I think in terms of being prepared for this, lots of further education colleges know the things that they could do. They're keen to have discussions about this, but it's making sure that they can deliver what meets the needs of learners, meets the needs of the economy, but also meets the needs of what awarding bodies and things currently want at the moment. In terms of aspirations towards higher education, obviously, higher skills are desirable, but we also need to focus on those medium-level skills, the things that can be delivered closer to home. We need to remove the divide between vocational and academic education that comes up time and again. I think that's mentioned by Phil Brown, who's doing some work for Welsh Government on this. It isn't just about driving people towards university.
What's your view on the action taken by both Welsh Government and the UK Government with regard to upskilling in general? We've been having this discussion ever since the Tolpuddle martyrs, actually, haven't we? About replacing the human factor. But are they—? Is the action that they're taking fast enough and large enough? You've brought that in, actually, Richard, haven't you?
I would say 'no'. I think there has been a real lack of urgency around the response. I also think, in the last five or six years, we've gone backwards a little bit.
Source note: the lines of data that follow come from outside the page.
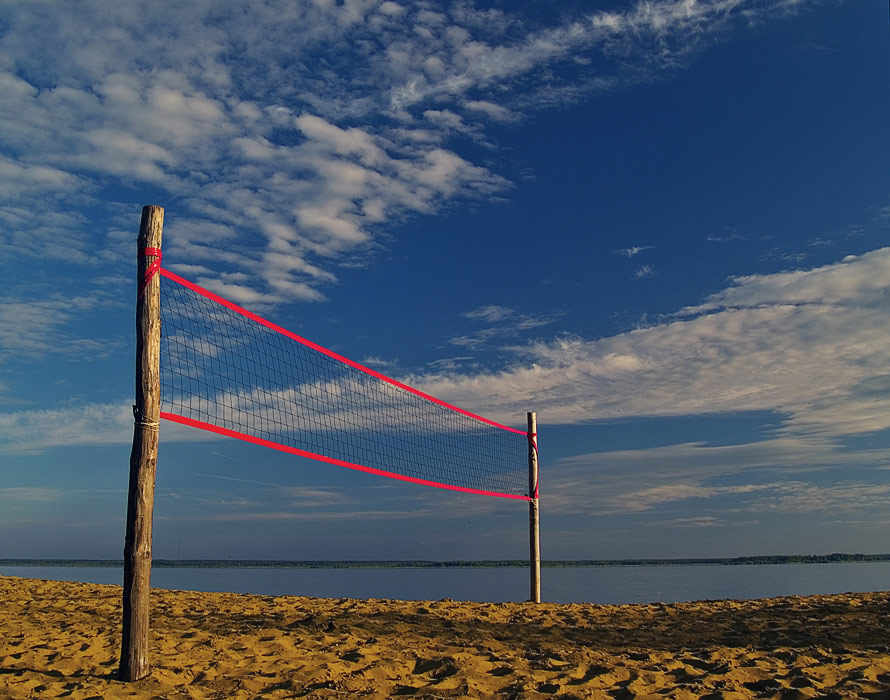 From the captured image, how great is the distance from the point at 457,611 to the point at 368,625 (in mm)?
1481

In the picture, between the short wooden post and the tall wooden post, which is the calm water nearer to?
the tall wooden post

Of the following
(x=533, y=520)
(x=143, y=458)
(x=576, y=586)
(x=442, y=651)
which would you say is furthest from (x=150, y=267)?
(x=576, y=586)

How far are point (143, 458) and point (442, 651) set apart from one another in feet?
8.97

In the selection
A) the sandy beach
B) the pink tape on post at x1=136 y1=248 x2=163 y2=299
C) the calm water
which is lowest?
the calm water

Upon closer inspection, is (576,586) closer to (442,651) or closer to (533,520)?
(533,520)

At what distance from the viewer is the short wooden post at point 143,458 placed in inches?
180

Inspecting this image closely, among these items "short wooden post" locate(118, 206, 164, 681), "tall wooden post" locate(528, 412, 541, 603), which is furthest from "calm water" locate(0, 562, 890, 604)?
"short wooden post" locate(118, 206, 164, 681)

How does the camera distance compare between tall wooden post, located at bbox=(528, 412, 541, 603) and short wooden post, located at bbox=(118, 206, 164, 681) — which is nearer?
short wooden post, located at bbox=(118, 206, 164, 681)

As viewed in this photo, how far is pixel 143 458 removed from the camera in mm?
4730

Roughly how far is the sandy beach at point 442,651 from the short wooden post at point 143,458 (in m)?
0.28

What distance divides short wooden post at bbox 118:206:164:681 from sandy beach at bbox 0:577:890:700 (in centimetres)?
28

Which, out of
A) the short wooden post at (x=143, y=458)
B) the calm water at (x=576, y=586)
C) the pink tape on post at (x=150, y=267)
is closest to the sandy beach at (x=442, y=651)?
the short wooden post at (x=143, y=458)

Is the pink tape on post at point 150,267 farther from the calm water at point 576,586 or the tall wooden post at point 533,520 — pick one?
the calm water at point 576,586

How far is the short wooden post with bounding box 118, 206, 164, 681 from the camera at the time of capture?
180 inches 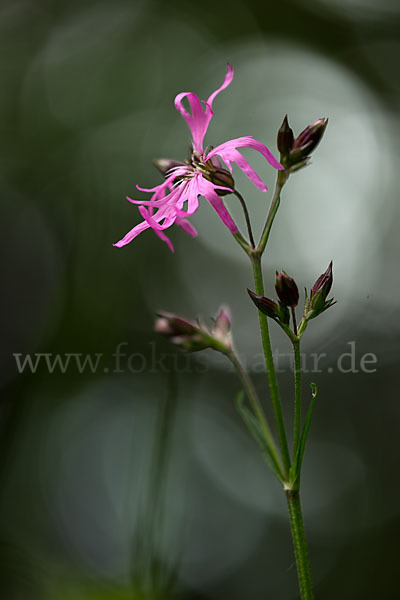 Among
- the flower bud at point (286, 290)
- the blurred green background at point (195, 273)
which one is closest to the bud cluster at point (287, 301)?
the flower bud at point (286, 290)

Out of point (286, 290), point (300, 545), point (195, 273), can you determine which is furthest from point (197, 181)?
point (195, 273)

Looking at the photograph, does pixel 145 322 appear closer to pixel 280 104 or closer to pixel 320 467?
pixel 320 467

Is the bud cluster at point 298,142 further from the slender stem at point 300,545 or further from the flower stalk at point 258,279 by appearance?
the slender stem at point 300,545

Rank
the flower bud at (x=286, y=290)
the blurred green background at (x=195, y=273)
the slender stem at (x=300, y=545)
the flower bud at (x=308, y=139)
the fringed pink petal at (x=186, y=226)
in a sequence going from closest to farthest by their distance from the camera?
the slender stem at (x=300, y=545), the flower bud at (x=286, y=290), the flower bud at (x=308, y=139), the fringed pink petal at (x=186, y=226), the blurred green background at (x=195, y=273)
If you look at one of the most important things we can do to respond to automation and the changes in the future of skills, it's to invest in lifelong learning. So, we need people to be able to—. At the moment, we cram all the investment into the start of someone's life, and then we don't invest anywhere near enough throughout the life cycle.
In Wales in particular, but in lots of countries. But in Wales, what we did five or six years ago, we took a decision, the Welsh Government took a decision, to cut funding for part-time learning and FE. So, the Wales Audit Office said there's been a 70 per cent cut in the last five years in part-time funding for further education. We've seen the numbers participating at that level, and in adult community learning, go down 40 per cent, 50 per cent. So at a time when we needed to be really expanding the opportunities for lifelong learning, I think we have gone backwards.
The employability plan as it came out was good, and it recognised the scale and the pace of change that was coming. I'm not sure it is sufficiently radical. In there, there's a pilot for individual learning accounts, which is a really good way of potentially refreshing the system so you give people more control over their learning. But is that enough? I would say 'no'.
Can I bring Adam in? I'll come back to you, David, if you need to. Adam Price.
You've anticipated my question, really, because South Korea has been lauded for creating individual learning accounts specifically focused on preparing people for automation. Is that what we should do with these new individual learning accounts—be very explicit? It's all about giving you the lever to prepare yourself for what's coming in terms of automation.
I don't think it's just automation. I also think it's partly what Mair was saying about progression as well. Our argument, I suppose, about individual learning accounts is it's an opportunity to use it for those on lower skills. So, potentially you could use it for those people who are in work, but claiming universal credit—just 40 per cent of people who claim universal credit are actually in work. How do we give them the skills to equip themselves? I think you probably need to do a bit of everything, but I think certainly responding to automation, definitely.
Just to push back a little bit there, I'm sure individual learning accounts could be used for a lot of things, and there's a lot of stuff out there that we need to do, but don't you think—and we've had them before, and they weren't particularly successful—it would be better just to say, 'Look, there's this huge wave coming at us'? Why don't we just say, 'Let's use these individual learning accounts to get the message across to individuals that all of us have to take responsibility, as well as to focus just on this'? Otherwise it's going to get a bit lost, isn't it?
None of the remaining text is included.